[Image-text web data]
═══
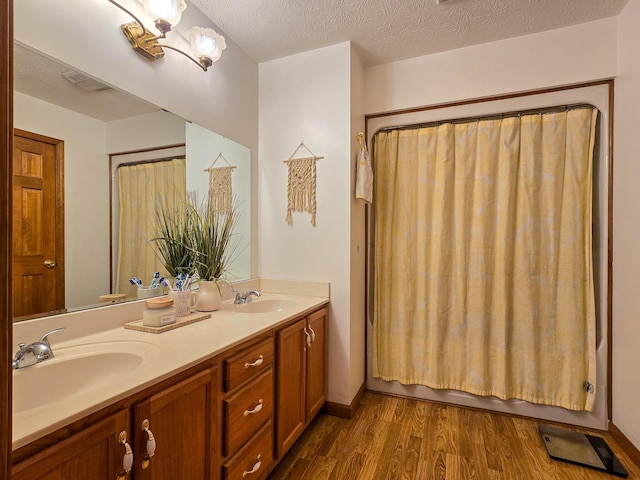 1445 Bastin Creek Rd, Kings Mountain, KY 40442 - bathroom featuring wood finished floors, double vanity, and shower / bathtub combination with curtain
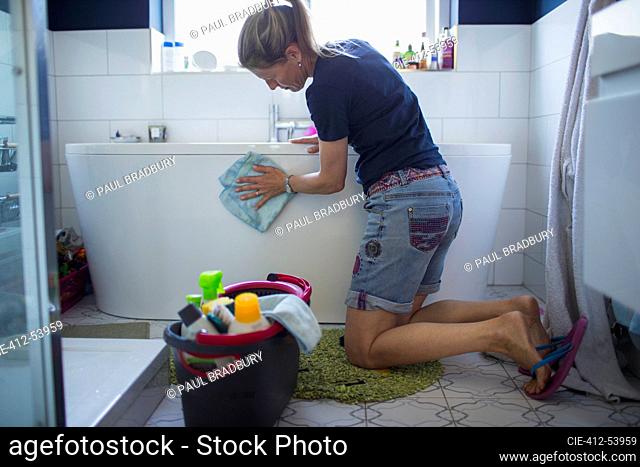 Woman cleaning bathtub in bathroom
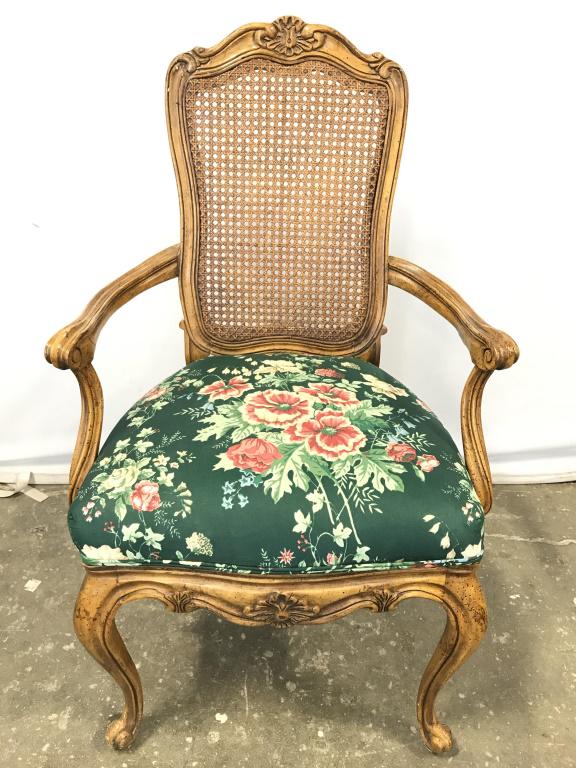Pair Carved Caned Back End Chair W Floral Detail: Chairs have intricately carved wooden detail. Seat has multi toned floral and leaf detail with tones of green, pink, blue, & cream. Backrest Of Chair is caned. Measures approx 39 inches tall 23 inches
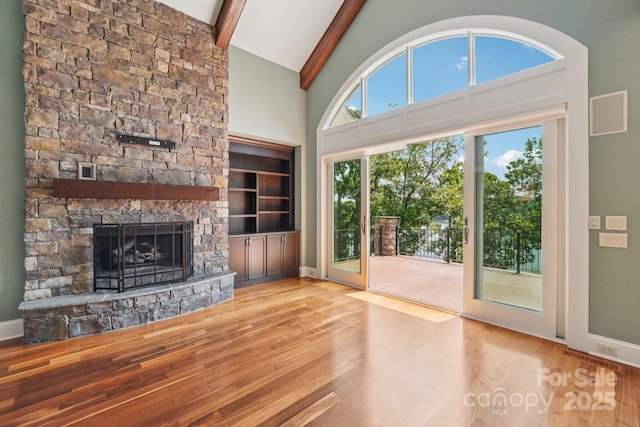 3229 Lake Pointe Dr, Belmont, NC 28012 - unfurnished living room featuring wood finished floors, a stone fireplace, beamed ceiling, and high vaulted ceiling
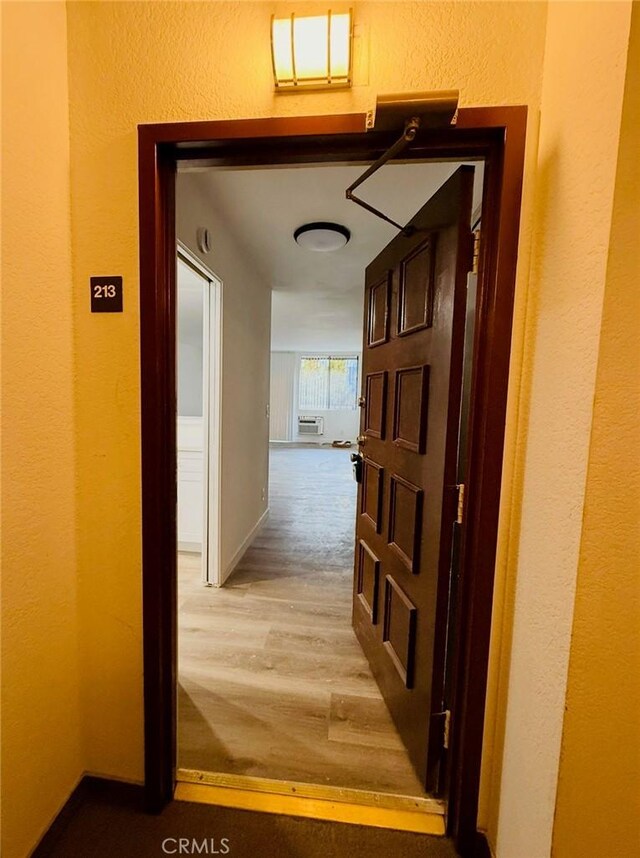 4170 Elm Ave Unit 213, Long Beach, CA 90807 - corridor with light wood finished floors and a textured wall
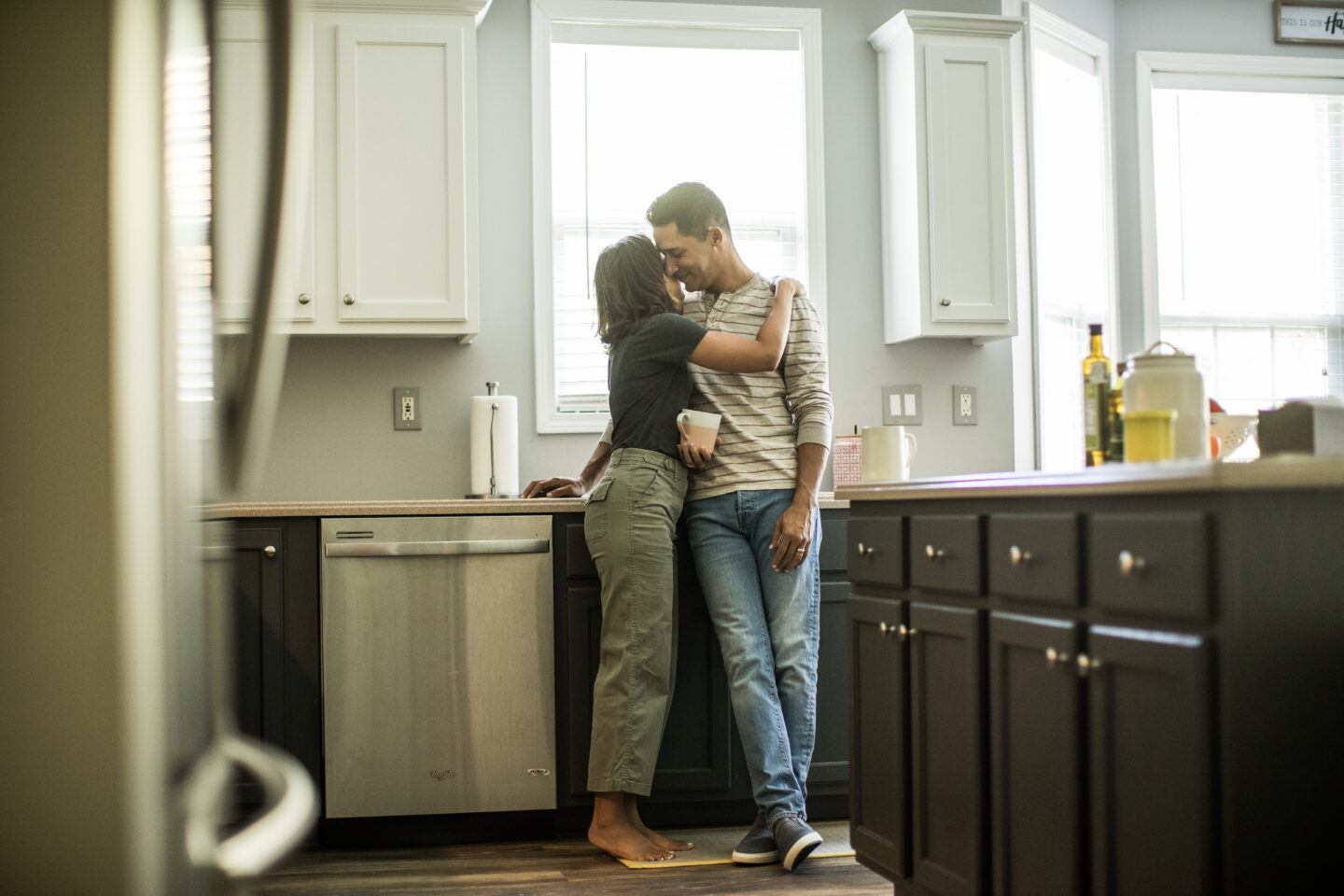 Marriage Husband and wife talking in kitchen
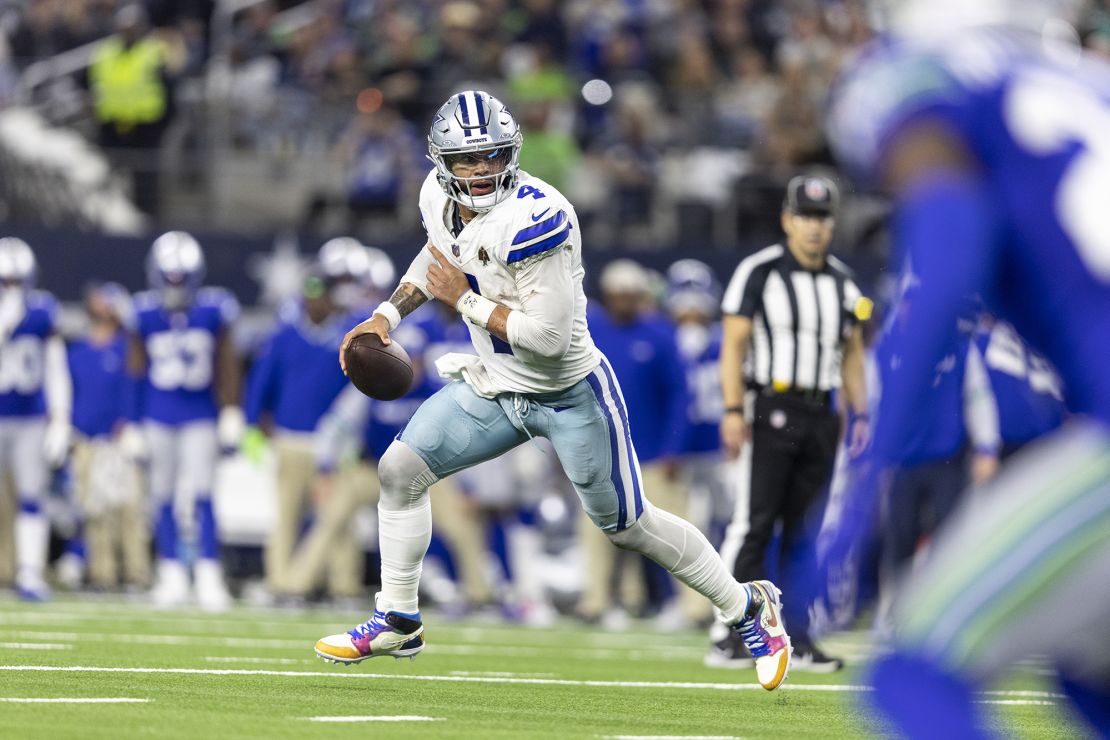 ARLINGTON, TEXAS - NOVEMBER 30: Dak Prescott #4 of the Dallas Cowboys scrambles and runs with the ball during an NFL football game between the Dallas Cowboys and the Seattle Seahawks at AT&T Stadium on November 30, 2023 in Arlington, Texas. (Photo by Michael Owens/Getty Images)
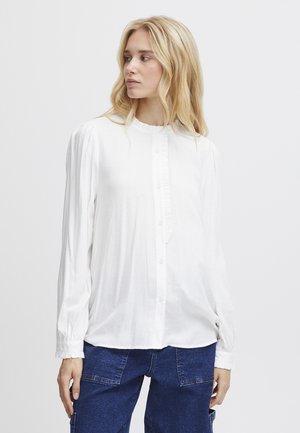 Weiße Bluse mit langen Ärmeln, einem Rüschenausschnitt, Knopfleiste und strukturiertem Stoff. Kombiniert mit blauen Jeans.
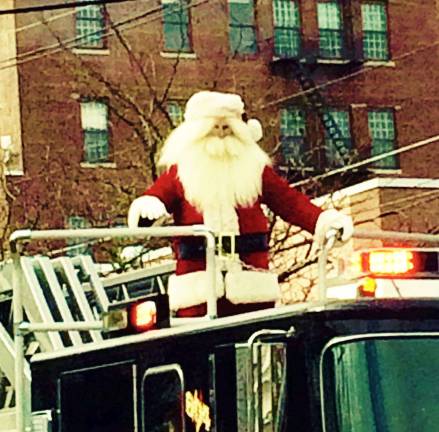 Old St. Nick arriving at last year's Newton parade Photo by Laurie Gordon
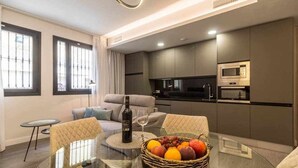 A modern apartment with a dining area, kitchen, and living room.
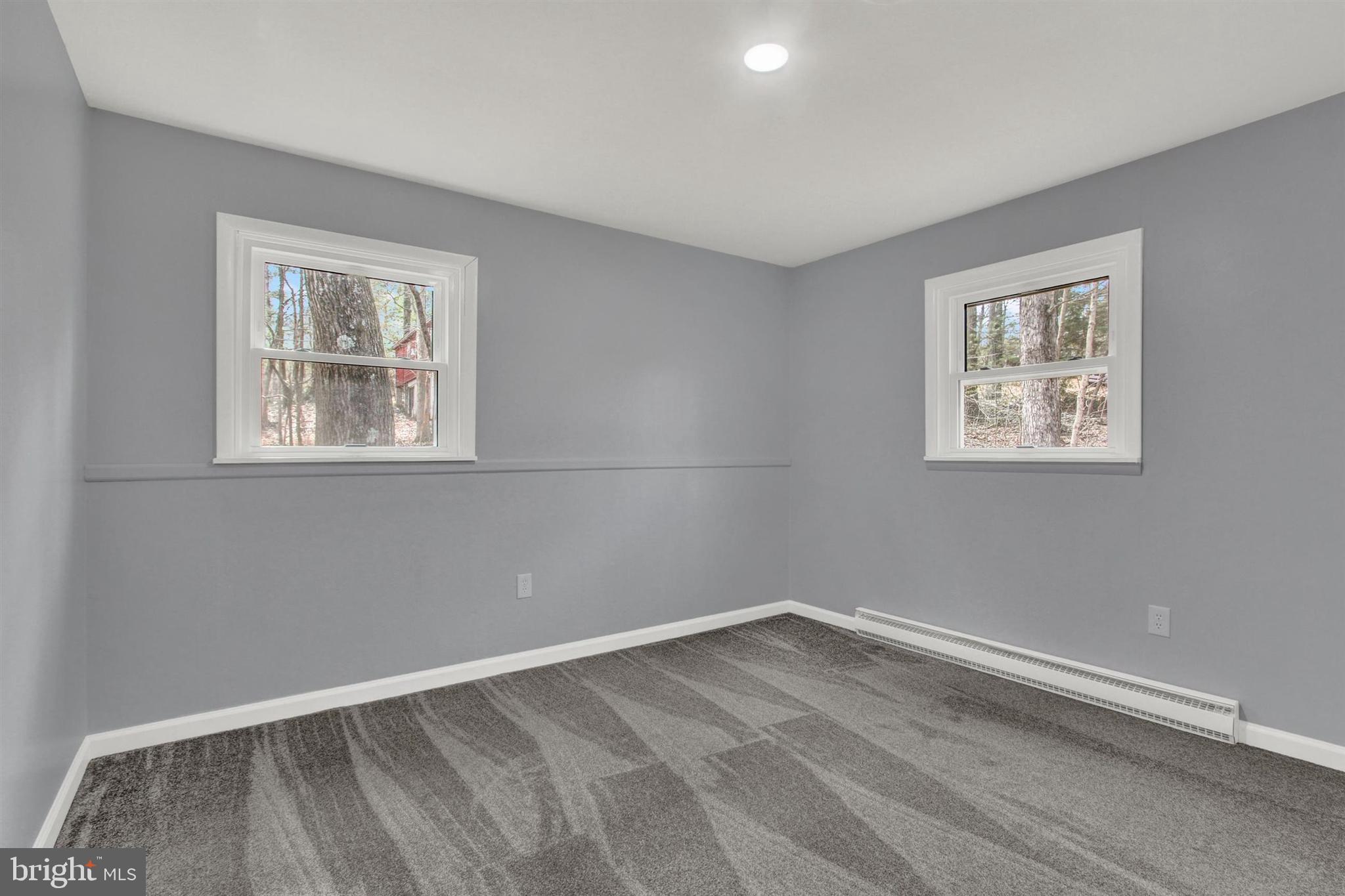 203 Pebble Lane Biglerville, PA 17307 - Photo 18 of 29 a view of an empty room with wooden floor and a window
═══
#### [ABOUT THIS EXERCISE]
Only the lines from the top of the records through the line with "3229 Lake Pointe" belong in the copy; write them out exactly, leaving out pictures.

#### [RESULT FOR THIS EXERCISE]
 1445 Bastin Creek Rd, Kings Mountain, KY 40442 - bathroom featuring wood finished floors, double vanity, and shower / bathtub combination with curtain
 Woman cleaning bathtub in bathroom
Pair Carved Caned Back End Chair W Floral Detail: Chairs have intricately carved wooden detail. Seat has multi toned floral and leaf detail with tones of green, pink, blue, & cream. Backrest Of Chair is caned. Measures approx 39 inches tall 23 inches
 3229 Lake Pointe Dr, Belmont, NC 28012 - unfurnished living room featuring wood finished floors, a stone fireplace, beamed ceiling, and high vaulted ceiling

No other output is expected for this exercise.